The mechanism of anesthesia, a state of profound central nervous system suppression is still poorly understood. One interesting question concerns the alteration of neural network under anesthesia.We examined the functional connectivity of the thalamus on rats  at different concentration of propofol. Our functional connectivity analysis revealed propofol induced anesthesia disrupted functional interactions within thalamocortical neural networks. Combining regional cerebral blood flow (rCBF) with functional connectivity in future study will provide further insight into the mechanism of anesthesia.

17:48  755. Tightly Coupled Spontaneous EEG and CBF Signals in the Anesthetized Rat Brain

Xiao Liu1, 2, Xiao-Hong Zhu1, Yi Zhang1, Wei Chen1

1University of Minnesota, Minneapolis, Minnesota, USA

The present study is to study the neurovascular coupling in the anesthetized rat brain by examining the simultaneously-recorded EEG and CBF signals.
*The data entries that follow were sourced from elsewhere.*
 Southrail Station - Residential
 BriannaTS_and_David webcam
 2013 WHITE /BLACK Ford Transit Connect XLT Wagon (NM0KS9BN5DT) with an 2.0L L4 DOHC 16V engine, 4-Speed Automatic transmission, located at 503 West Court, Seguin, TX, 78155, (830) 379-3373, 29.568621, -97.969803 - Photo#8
Strong temporal correlation was found between them, indicating a tight neurovascular coupling between CBF fluctuation and spontaneous neuronal activity in the resting brain. We also found strong temporal correlations between the left- and right-hemispheric somatosensory cortices for both EEG and CBF signals, which could be linked to the resting-state coherent BOLD fluctuations recently observed in human and animal brains. Therefore, our results may provide supports for the neural origin of the resting coherent BOLD fluctuations phenomenon.